Key research themes
1. How can recognition-free word spotting techniques improve document image indexing and retrieval?
This research theme focuses on recognition-free document image retrieval methods, particularly word spotting, which bypass traditional OCR limitations in indexing and searching digitized documents. These methods explore how image-level features and matching can be leveraged to retrieve words without explicit transcription, addressing challenges such as handwriting variability, degraded image quality, unknown fonts, and segmentation errors. Understanding and improving word spotting systems is critical for managing vast archives of historical and handwritten documents where OCR often underperforms.
2. How can morphological and PDE-based image processing enhance document image segmentation and binarization?

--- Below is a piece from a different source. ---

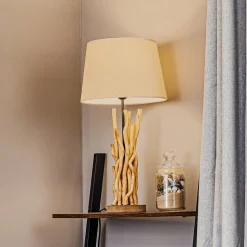 Bordlampe Agar med stofskærm og træelement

This theme investigates advanced image processing techniques—especially morphological operations and partial differential equation (PDE)-based methods—for improving segmentation and binarization of document images. Document image binarization and segmentation are critical preprocessing steps for subsequent content extraction, notably under degradation such as noise, illumination variation, stains, and bleed-through common in historical or handwritten documents. This area explores combining shape and texture analysis, nonlinear diffusion, and variational methods to preserve edges and text integrity while removing noise, which consequentially improves OCR and retrieval tasks.
3. How can multimodal and deep learning approaches improve metadata extraction and script classification in document images, especially for complex and historical scripts?
This theme investigates the integration of computer vision and natural language processing modalities combined with deep learning, including contrastive self-supervised frameworks, to extract metadata and classify scripts in complex documents (e.g., scientific PDFs, ancient Chinese manuscripts). The focus is on overcoming challenges posed by diverse layouts, complex scripts, degraded manuscripts, and limited annotated data by utilizing multimodal data representations and domain-specific augmentations. These approaches advance automated understanding of documents beyond conventional OCR and heuristic methods, enabling scalable digital humanities and document management.